Thursday 17 May 2012 by John Hyde

A Court of Appeal judge has criticised a defendant for rejecting mediation offered at a previous hearing - warning it will be a costly decision.

Lord Justice Longmore said it was a 'great pity' that appliance supplier Indesit, instructed by Plexus Solicitors, had not pursued the option of mediation as advised by Lord Justice Toulson in a personal injury case. Indesit had successfully defended a personal injury claim by employee Ali Ghaith, but Ghaith was subsequently given permission to appeal.

It was then that the appeal judge encouraged Indesit to pursue the option of mediation.

The company opted not to follow that advice on the grounds that costs had already exceeded the likely amount at issue. In a judgment given today, LJ Longmore said this was an 'inadequate response' that will 'inevitably result in a substantial increase in costs'.

He added: 'Indesit's reaction is all too frequent and the court has, since April of this year, decided that any claim for less than £100,000 will be the subject of compulsory mediation.

'It is devoutly to be hoped that such mediation will mean that these comparatively small claims will not have to be adjudicated by this court so frequently in future.'

His endorsement of mediation was backed by another member of the Court of Appeal panel, Lord Justice Ward, who said that 'if [both parties] have any sense, they will heed a recommendation to mediate'.

He explained that the mediator had a 'canny knack of transforming the intractable into the possible' and that mediation should not be spurned when it is offered.

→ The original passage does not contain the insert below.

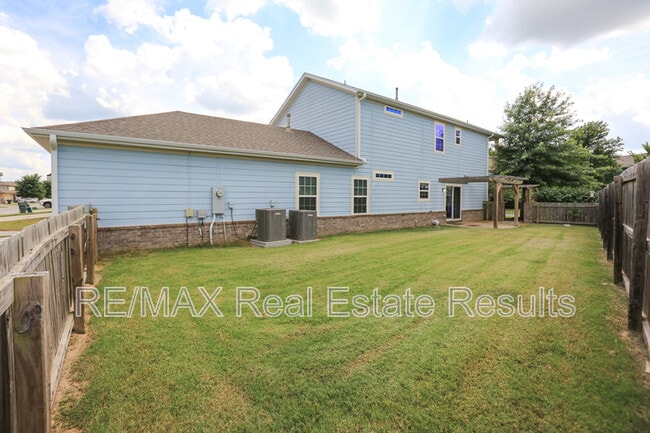 Building Photo - 626 N Tennyson Ln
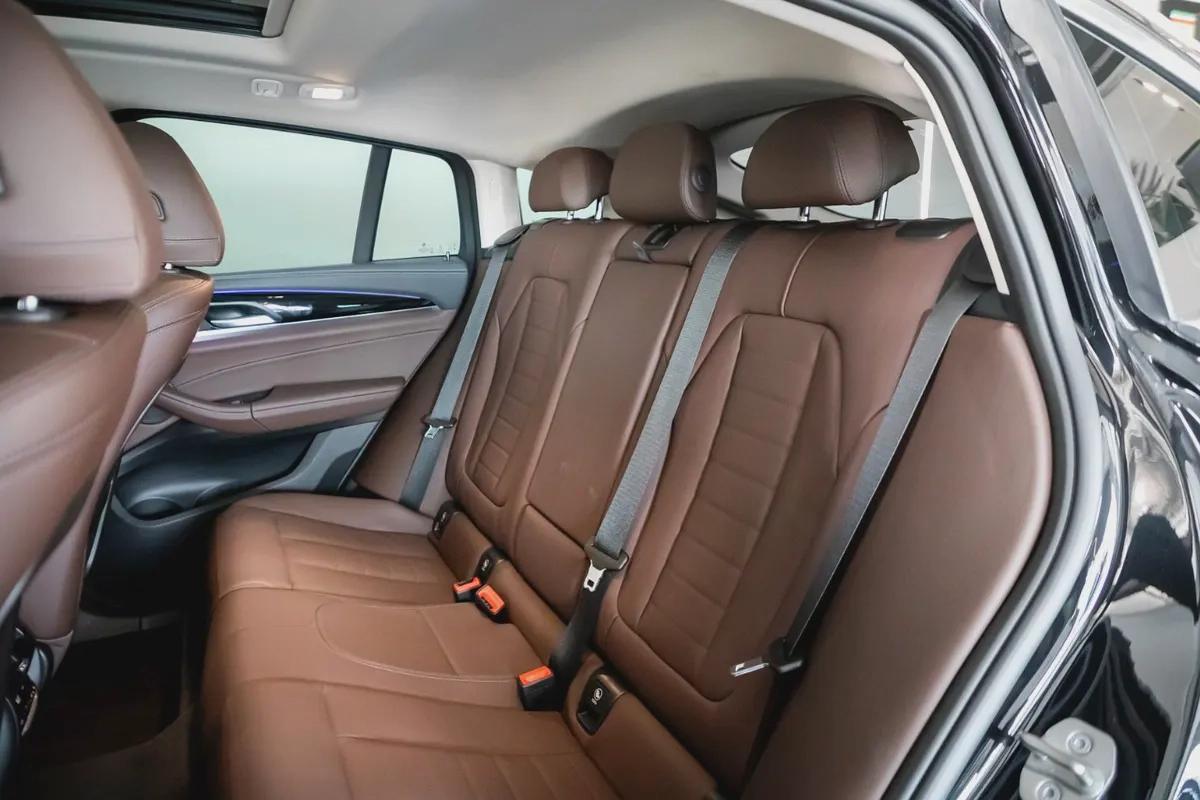 BMW X4 xdrive20i 2023 / 1000km Only!! / 2600 AED monthly / One year warranty-11-11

Ghaith, who had aggravated a back injury while lifting washing machine parts for a stock-take in 2007, sued his employer for personal injury, alleging a breach of manual handling regulations. It was agreed that liability (if any) would be no more than £60,000 because of the nature of the injury.

The claim had failed in the civil court on the grounds there was nothing more that could have been done on the part of the defendant.

But after Ghaith was given permission to appeal, LJ Longmore concluded he would allow the appeal and sent the matter to the County Court for an assessment of quantum.